What to do>
An exact reproduction of the listing is wanted, with the pictures dropped.

Given data>
- - - - -
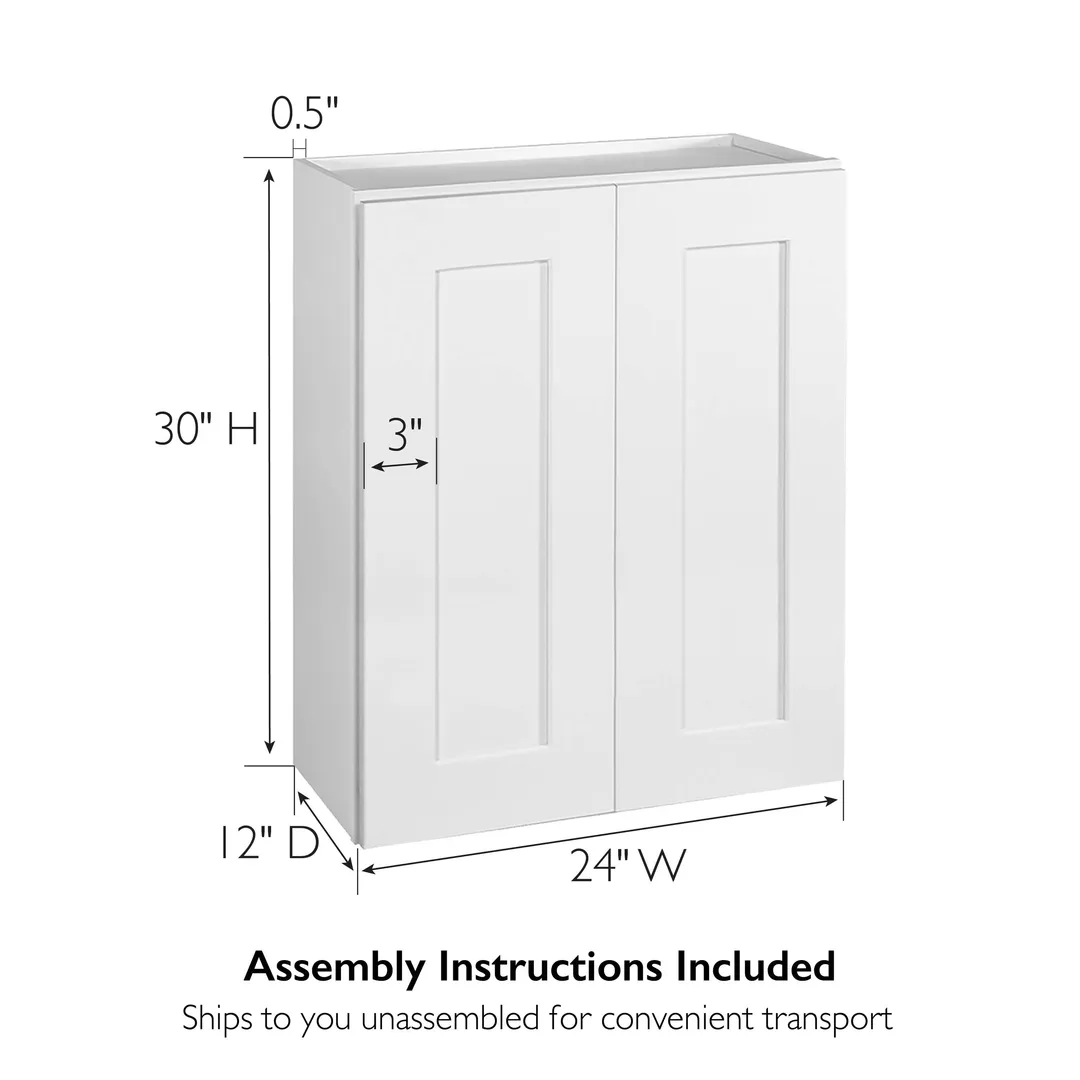 Design House Brookings 24-in W x 30-in H x 12-in D White Maple Wall Ready To Assemble Plywood Cabinet (Recessed Panel Shaker Door Style), photo 4 of 20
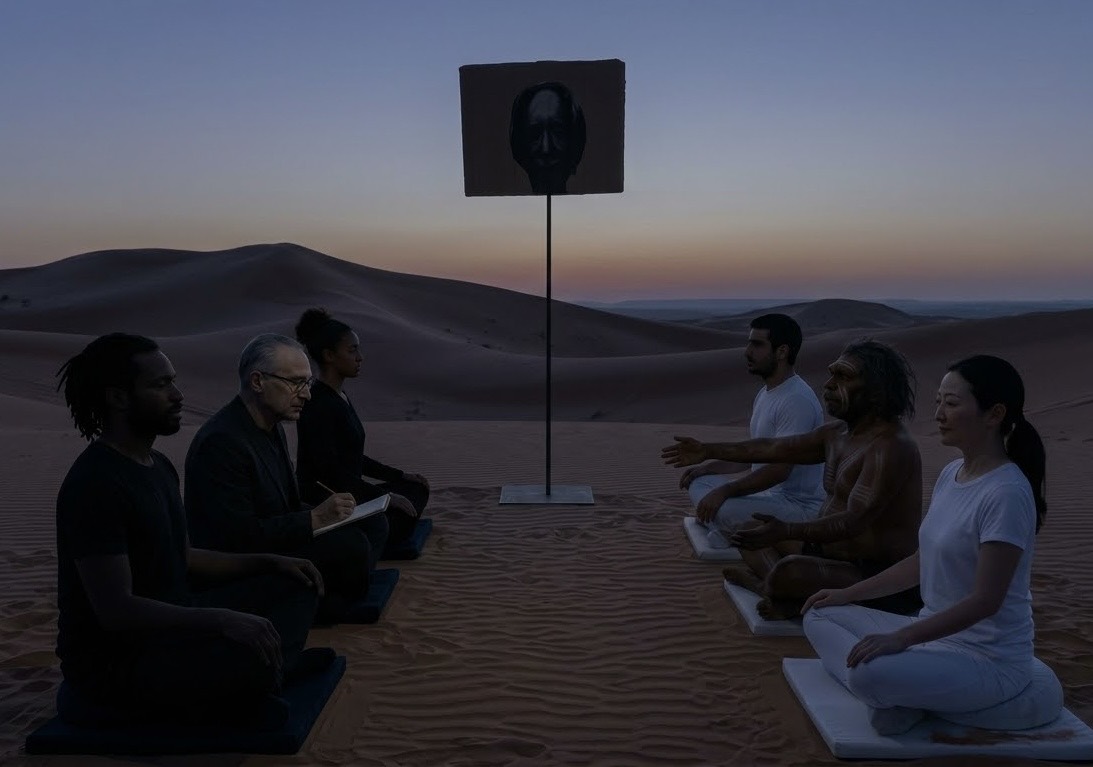 Knowing gathering in a desert landscape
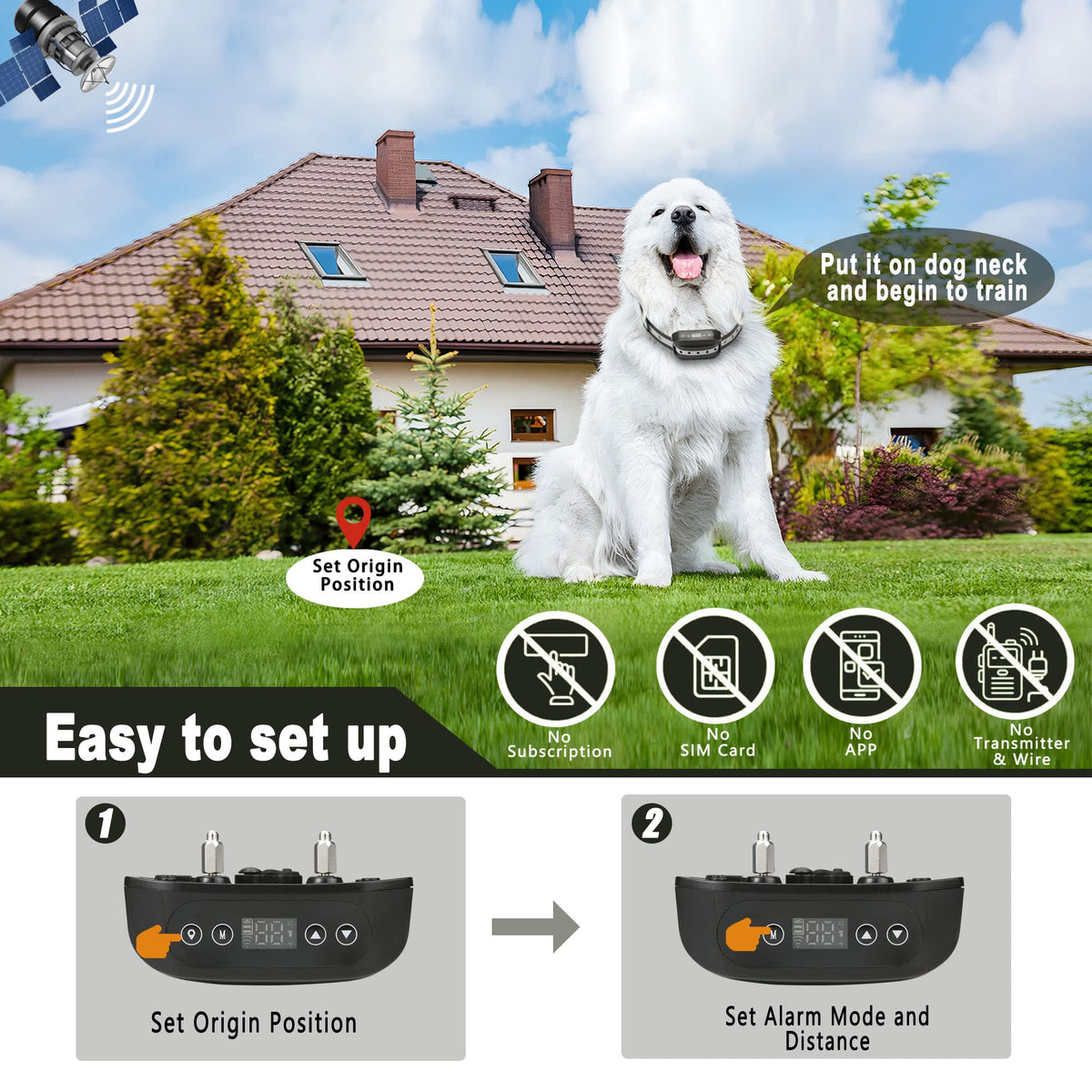 Wireless Dog Fence System with Waterproof Rechargeable Collar I534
- - - - -
Answer space>
 Design House Brookings 24-in W x 30-in H x 12-in D White Maple Wall Ready To Assemble Plywood Cabinet (Recessed Panel Shaker Door Style), photo 4 of 20
 Knowing gathering in a desert landscape
 Wireless Dog Fence System with Waterproof Rechargeable Collar I534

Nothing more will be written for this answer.